The genius lies in the layering. The tool doesn't just serialize your assembly—it serializes a carefully constructed object graph that includes delegate chains. These delegates, when deserialized, provide a generic way to load and instantiate your assembly without requiring specific knowledge of its contents. The BinaryFormatter essentially becomes an execution engine, with the serialized payload containing all the instructions for loading, reflecting, and invoking your .NET code.

For .NET 4+ assemblies, the tool generates additional code to handle runtime versioning issues. The v4 runtime has stricter security policies around cross-version COM interop, so DotNetToJScript includes fallback mechanisms using WScript.Shell to probe the environment and select appropriate COM objects. This adaptability allows the same generation technique to work across .NET 2.0, 3.5, and 4.x targets, though with varying reliability.

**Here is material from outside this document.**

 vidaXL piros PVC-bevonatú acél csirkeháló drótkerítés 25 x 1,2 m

The tool also supports VBScript and VBA output formats with nearly identical architectures, simply translating the JScript syntax to VBScript or generating VBA macros. The VBA option proved particularly valuable for phishing campaigns, as it allowed red teams to embed .NET post-exploitation tools directly in macro-enabled Office documents without dropping files or making network requests during initial execution.

One advanced feature is the custom JScript injection capability. After your class constructor executes, you can specify additional JScript code to interact with the instantiated object if it exposes ComVisible methods. This enables scenarios like configuring a C2 agent, extracting credential material, or orchestrating multi-stage payloads—all from a single script file.

Gotcha

The technique's primary limitation is visibility. Modern endpoint detection systems explicitly watch for the COM object instantiation patterns DotNetToJScript uses. When JScript suddenly calls GetObject with script monikers or instantiates BinaryFormatter through ActiveXObject, it triggers high-confidence alerts in virtually every EDR product. The serialized payload itself is trivially detectable through static analysis—YARA rules matching BinaryFormatter's magic bytes inside script files are standard defensive measures.

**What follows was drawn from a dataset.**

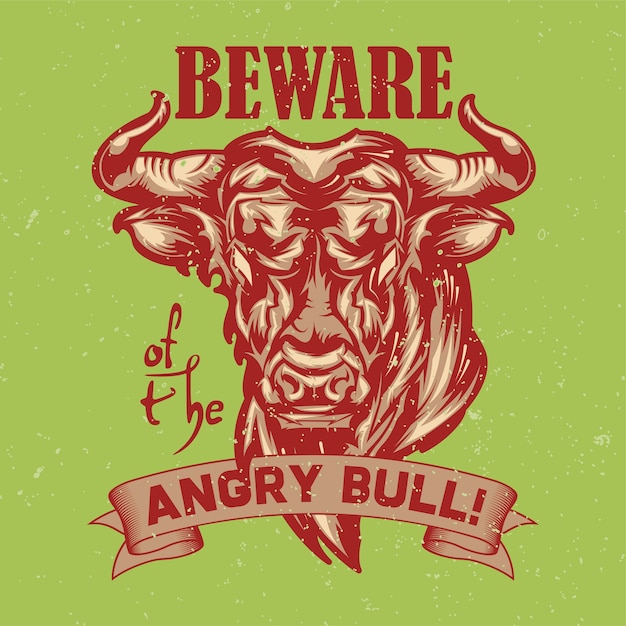 Free vector illustration of angry bull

Beyond detection concerns, the tool has practical execution constraints. It requires a full-trust scripting context, meaning it won't work under Internet Explorer's security zones, won't execute from restricted locations, and fails when Group Policy disables Windows Script Host. The .NET 4+ support is particularly fragile, often breaking in hardened environments where certain COM registrations are removed or disabled. Additionally, the generated scripts can be enormous—a 50KB assembly might produce a 200KB+ JScript file due to serialization overhead and base64 encoding, making them unsuitable for size-constrained delivery mechanisms. Finally, the tool hasn't been meaningfully updated since 2017, reflecting its origins in a specific era of offensive tooling. It targets legacy .NET Framework runtimes and has no path forward for .NET Core, .NET 5+, or modern cross-platform scenarios. You're fundamentally limited to Windows-only, legacy runtime execution.

Verdict

Use DotNetToJScript if you're conducting red team assessments against organizations still running legacy .NET applications, need to test detection coverage for script-based .NET loading, or are researching historical offensive techniques for defensive insights. It remains valuable for understanding how COM interop bridges scripting and managed code, and the underlying principles still inform modern evasion research. Skip it if you need operational stealth in mature environments (the detection signatures are universal), if you're targeting modern .NET Core applications (incompatible), or if you have alternative execution primitives available like direct process injection or kernel-mode execution. In 2024, this is primarily an educational tool and a detection benchmark rather than a frontline offensive asset. Modern alternatives like Donut or execute-assembly BOFs provide significantly better operational security, while defenders should ensure their monitoring catches BinaryFormatter instantiation from scripting contexts as a foundational detection rule.